Daily Archives: February 26, 2014

Tusc. Dentists Honor Dr. Ley in Death | February 1959

Ley RE Sr Jr Dentists 1950s

Robert Earl Ley Jr. (right) returned home from Navy service in World War II to rejoin his father, Robert Earl Ley Sr. (left) in their dental practice in Dover, Ohio.

Dental Society Mourns R.E. Ley Sr.

The death of my great-grandfather, Robert Earl Ley Sr., caught his family and colleagues by surprise. None more so than my grandfather, his son and dental partner, Robert Earl Ley Jr.

The father and son were working alongside each other, as usual, the morning of Saturday, Feb. 7, 1959, when, according to family legend, great-grandpa Ley complained about a strange feeling in his hands while washing up.

He collapsed, and died of a heart attack shortly after 11 a.m. He was 65 years old.

Oddly, Robert Ley Sr. was the second Ley to die while at work. His grandfather, Augustus Ley, died of a stroke while working in his Port Washington, Ohio, dry goods store. He was just 61.

And R.E. Ley Sr.’s father, Charles Henry Ley, former county treasurer, had also died of a heart attack 34 years earlier, at just 59 years old, while gardening at his home.
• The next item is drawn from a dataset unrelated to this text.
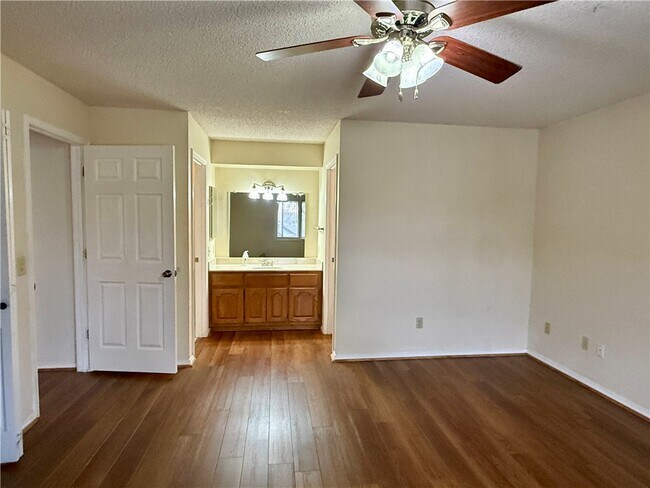 Building Photo - 9 Dunedin Dr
Great-great grandfather Charles had been warned by doctors to retire and commit himself to less strenuous activity.

On the day following R. E. Ley Sr.’s death, his son and fellow Tuscarawas County dentists gathered and issued a proclamation in his honor.

From the Feb. 10, 1959, edition of the DoverĀ Daily Reporter, 65 years ago this month:

A Resolution

Unanimously adopted by the Tuscarawas Dental Society in special meeting assembled, Feb. 8, 1959.

WHEREAS, on Feb. 7th, 1959, God in His wisdom suddenly claimed to his eternal rest our colleague and friend, Dr. Robert Earl Ley Sr., and

WHEREAS, during the more than 40 years of his professional practice among us he was a most valued member of the Tuscarawas County Dental Society, having served as its President as well as in many other capacities, and

WHEREAS, in these services he gave so willingly of his time and talents toward the good of our profession and our Society, and

WHEREAS, through military service and a natural active interest in his fellow man, he took his place and did his part that his neighborhood, his community, our state and nation might be a better place in which to live, therefore

BE IT RESOLVED, we do mourn our loss; we bring to his widow and to his son, Dr. Robert E. Ley Jr., who is our esteemed colleague and was his father’s associate, our sincere sympathies in their even greater loss; and finally, direct this resolution be made a part of the records of this Society, a copy thereof be delivered to his bereaved widow, Mrs. Florence A. Ley, and this resolution be printed in the daily press.


Following his father’s death, my grandpa Robert Earl Ley Jr. would continue to practice dentistry in their office at 2nd and Walnut Streets for another 32 years. His stepmother, great-grandpa Ley’s widow, Florence (Jones) Ley, would reside in the apartment above the office until her death in 1984.

Breaking the cycle of three generations of Ley men dying before their mid-60s, grandpa Robert Earl Ley Jr. would live to age 89, equaling the lifespan of his great-great grandfather and first Ley in America, Karl Ley.

Ley RE Sr Dental Ofc 1942

Great-grandfather Robert Earl Ley Sr. in his dental office about 1942. In 1940, he still kept his Dover home on Iron Avenue, south of the Tuscarawas River, while maintaining his dental office downtown.